START Records to process
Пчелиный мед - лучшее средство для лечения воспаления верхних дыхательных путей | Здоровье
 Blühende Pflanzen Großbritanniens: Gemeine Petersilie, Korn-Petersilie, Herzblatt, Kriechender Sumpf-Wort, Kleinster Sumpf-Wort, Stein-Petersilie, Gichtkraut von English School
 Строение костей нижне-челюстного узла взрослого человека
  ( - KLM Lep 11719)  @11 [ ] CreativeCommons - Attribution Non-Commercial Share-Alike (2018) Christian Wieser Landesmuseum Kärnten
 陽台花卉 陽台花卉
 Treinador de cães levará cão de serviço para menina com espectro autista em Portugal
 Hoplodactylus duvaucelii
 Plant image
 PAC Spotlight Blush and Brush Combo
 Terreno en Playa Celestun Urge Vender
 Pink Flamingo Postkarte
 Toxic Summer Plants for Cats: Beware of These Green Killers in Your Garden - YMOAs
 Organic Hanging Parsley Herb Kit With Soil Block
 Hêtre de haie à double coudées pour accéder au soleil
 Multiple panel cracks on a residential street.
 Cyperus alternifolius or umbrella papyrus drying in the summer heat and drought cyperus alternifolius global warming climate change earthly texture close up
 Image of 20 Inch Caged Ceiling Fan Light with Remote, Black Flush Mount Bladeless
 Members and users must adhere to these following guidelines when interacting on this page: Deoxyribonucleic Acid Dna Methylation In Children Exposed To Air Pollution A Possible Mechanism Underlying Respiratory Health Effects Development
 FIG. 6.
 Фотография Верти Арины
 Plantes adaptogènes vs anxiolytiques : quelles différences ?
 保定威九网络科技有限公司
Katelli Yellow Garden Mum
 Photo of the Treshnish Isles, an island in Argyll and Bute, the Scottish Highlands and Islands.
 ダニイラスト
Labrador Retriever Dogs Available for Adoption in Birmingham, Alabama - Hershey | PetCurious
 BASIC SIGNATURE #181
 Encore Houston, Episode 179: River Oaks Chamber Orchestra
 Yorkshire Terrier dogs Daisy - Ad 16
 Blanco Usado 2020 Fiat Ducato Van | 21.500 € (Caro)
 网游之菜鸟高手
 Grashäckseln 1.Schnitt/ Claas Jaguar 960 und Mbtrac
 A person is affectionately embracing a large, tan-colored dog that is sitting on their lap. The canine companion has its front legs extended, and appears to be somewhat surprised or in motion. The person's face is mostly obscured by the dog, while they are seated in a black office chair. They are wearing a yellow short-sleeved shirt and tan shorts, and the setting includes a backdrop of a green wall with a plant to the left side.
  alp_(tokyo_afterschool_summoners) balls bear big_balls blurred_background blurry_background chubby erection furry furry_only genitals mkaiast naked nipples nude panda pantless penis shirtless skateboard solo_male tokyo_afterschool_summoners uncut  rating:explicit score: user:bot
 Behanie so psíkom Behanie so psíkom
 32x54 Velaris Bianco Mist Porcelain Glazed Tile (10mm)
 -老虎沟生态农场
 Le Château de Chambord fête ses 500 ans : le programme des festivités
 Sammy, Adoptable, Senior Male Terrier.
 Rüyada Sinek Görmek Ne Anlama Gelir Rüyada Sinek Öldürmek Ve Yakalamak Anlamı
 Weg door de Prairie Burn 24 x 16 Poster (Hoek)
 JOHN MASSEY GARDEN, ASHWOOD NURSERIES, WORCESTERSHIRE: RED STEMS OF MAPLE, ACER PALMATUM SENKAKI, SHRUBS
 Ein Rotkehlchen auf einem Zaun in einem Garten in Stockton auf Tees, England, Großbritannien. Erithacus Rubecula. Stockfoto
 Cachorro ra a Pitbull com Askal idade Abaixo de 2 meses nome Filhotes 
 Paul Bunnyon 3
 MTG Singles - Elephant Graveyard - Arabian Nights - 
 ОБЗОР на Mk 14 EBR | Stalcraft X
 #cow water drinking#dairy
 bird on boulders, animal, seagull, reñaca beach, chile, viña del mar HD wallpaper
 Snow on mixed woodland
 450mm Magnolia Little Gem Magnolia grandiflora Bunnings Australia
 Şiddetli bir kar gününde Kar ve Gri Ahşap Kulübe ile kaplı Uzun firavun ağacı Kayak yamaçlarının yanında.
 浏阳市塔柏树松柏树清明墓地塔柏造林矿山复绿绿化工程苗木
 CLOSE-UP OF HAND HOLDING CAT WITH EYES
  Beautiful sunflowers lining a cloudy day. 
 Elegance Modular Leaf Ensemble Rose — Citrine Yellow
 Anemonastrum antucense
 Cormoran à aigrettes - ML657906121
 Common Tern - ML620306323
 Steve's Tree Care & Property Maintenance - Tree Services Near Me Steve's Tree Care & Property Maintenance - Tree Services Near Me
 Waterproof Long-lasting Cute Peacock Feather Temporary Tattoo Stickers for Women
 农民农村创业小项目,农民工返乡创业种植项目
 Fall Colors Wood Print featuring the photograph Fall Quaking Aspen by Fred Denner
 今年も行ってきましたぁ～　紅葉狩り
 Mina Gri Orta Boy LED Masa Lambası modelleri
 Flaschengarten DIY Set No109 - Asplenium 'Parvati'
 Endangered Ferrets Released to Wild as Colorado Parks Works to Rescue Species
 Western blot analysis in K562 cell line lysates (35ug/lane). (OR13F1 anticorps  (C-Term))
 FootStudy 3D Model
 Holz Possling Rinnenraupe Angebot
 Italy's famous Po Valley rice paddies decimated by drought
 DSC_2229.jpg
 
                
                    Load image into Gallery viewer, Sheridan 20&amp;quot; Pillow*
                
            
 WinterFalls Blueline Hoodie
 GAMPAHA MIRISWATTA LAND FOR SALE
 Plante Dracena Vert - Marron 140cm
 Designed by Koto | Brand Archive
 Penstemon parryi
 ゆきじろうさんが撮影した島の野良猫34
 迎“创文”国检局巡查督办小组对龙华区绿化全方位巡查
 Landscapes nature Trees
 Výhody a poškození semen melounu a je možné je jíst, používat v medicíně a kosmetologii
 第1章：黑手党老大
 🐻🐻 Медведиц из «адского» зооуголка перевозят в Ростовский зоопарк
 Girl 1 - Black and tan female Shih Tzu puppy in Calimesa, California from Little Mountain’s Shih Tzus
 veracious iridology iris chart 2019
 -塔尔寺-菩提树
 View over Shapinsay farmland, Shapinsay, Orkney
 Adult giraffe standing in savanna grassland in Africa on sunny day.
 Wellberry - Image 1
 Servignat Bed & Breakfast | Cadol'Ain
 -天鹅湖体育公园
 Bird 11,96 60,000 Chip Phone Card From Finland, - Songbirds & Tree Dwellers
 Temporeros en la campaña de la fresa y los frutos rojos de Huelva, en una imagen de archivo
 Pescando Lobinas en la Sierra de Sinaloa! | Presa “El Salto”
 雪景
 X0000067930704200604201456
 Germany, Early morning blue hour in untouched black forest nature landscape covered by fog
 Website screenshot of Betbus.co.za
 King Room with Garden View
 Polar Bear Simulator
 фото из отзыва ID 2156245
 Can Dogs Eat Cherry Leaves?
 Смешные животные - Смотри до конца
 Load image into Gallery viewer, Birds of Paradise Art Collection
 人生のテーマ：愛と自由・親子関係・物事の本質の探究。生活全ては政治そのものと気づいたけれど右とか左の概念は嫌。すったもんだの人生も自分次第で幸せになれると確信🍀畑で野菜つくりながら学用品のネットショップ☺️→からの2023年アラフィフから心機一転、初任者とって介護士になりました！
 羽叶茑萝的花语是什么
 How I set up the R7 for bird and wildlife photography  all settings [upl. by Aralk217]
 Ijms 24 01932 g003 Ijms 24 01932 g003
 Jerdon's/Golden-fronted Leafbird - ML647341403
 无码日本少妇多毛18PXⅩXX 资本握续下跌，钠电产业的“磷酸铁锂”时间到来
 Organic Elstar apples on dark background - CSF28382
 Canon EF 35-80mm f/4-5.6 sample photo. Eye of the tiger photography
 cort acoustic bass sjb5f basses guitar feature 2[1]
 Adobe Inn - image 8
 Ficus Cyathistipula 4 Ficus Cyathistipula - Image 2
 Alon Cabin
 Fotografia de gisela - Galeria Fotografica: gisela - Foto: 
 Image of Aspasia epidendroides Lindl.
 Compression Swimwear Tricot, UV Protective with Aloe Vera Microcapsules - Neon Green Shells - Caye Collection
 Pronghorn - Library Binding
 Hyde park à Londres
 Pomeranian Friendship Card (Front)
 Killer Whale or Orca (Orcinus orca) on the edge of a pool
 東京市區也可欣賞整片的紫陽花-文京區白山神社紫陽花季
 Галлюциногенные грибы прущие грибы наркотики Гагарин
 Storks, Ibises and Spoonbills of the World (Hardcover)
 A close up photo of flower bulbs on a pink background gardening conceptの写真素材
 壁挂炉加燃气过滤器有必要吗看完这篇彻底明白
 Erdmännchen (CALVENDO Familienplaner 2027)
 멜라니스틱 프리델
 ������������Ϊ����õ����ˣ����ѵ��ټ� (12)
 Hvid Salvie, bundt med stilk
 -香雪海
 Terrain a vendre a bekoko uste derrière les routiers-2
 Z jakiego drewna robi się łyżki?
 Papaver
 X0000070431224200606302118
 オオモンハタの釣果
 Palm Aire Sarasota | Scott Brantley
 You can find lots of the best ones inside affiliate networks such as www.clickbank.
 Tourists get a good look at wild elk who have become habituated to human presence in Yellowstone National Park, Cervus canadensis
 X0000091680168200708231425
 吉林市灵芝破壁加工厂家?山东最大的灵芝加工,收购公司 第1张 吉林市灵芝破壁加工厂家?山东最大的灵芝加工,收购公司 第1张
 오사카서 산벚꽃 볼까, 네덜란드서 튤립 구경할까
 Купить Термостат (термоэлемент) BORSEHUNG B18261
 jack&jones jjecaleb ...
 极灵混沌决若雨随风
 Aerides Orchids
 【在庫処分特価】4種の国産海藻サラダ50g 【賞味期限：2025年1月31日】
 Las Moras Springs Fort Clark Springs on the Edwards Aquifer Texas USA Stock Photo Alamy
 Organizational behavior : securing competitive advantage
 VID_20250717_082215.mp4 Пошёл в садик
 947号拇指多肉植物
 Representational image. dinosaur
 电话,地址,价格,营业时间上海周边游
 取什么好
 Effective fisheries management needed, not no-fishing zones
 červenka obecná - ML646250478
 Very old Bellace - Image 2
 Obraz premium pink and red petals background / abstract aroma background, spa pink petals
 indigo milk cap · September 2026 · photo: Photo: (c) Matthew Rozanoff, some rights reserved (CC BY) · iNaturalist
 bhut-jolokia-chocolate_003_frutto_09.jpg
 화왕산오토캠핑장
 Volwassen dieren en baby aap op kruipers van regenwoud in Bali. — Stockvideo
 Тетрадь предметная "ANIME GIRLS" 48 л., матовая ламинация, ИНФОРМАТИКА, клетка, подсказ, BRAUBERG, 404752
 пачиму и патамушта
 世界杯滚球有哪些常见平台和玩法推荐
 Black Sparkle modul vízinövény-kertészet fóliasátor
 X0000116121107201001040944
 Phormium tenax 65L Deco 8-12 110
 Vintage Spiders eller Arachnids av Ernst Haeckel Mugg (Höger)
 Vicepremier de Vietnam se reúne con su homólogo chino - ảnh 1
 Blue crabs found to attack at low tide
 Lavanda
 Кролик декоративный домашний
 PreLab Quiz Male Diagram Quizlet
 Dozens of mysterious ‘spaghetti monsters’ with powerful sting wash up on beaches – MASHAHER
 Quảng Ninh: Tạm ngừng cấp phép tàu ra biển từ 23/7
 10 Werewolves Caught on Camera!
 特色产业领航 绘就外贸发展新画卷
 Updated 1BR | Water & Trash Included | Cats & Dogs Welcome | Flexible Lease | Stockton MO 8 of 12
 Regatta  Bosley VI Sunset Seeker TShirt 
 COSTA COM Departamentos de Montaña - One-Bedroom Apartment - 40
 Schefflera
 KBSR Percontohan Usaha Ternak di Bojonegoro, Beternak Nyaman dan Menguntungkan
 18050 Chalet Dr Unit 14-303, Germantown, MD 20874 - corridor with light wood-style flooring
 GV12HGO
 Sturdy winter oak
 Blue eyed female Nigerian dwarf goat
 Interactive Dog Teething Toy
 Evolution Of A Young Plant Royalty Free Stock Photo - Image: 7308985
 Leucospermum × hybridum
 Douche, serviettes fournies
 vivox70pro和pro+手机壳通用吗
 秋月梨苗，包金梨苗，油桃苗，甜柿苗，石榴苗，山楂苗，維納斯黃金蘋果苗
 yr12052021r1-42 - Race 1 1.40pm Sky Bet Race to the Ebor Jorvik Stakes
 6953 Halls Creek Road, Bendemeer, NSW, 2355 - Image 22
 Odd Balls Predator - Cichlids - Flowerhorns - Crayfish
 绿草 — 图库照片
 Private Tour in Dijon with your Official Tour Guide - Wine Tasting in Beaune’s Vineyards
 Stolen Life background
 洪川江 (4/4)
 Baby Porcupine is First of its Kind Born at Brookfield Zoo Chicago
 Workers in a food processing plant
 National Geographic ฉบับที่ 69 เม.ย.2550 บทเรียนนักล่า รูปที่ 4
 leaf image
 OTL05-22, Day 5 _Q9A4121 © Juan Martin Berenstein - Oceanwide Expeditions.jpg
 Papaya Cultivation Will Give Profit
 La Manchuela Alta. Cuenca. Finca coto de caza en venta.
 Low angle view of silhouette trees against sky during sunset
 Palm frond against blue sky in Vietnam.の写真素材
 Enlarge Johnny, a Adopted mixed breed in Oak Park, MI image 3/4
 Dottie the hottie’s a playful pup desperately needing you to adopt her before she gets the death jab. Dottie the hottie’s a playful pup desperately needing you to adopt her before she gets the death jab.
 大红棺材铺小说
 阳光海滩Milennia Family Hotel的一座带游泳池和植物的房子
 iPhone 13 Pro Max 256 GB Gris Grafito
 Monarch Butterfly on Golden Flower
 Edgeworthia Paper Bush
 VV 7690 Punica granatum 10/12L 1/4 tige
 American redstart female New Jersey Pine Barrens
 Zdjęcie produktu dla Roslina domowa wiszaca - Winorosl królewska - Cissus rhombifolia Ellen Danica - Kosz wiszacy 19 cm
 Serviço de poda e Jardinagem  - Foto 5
END Records to process
Task:
Only those lines of the entries above that run from the line containing "bird on boulders, animal, seagull, reñaca" to the line containing "Common Tern - ML620306323", both included, should be transcribed exactly.

Written response:
 bird on boulders, animal, seagull, reñaca beach, chile, viña del mar HD wallpaper
 Snow on mixed woodland
 450mm Magnolia Little Gem Magnolia grandiflora Bunnings Australia
 Şiddetli bir kar gününde Kar ve Gri Ahşap Kulübe ile kaplı Uzun firavun ağacı Kayak yamaçlarının yanında.
 浏阳市塔柏树松柏树清明墓地塔柏造林矿山复绿绿化工程苗木
 CLOSE-UP OF HAND HOLDING CAT WITH EYES
  Beautiful sunflowers lining a cloudy day. 
 Elegance Modular Leaf Ensemble Rose — Citrine Yellow
 Anemonastrum antucense
 Cormoran à aigrettes - ML657906121
 Common Tern - ML620306323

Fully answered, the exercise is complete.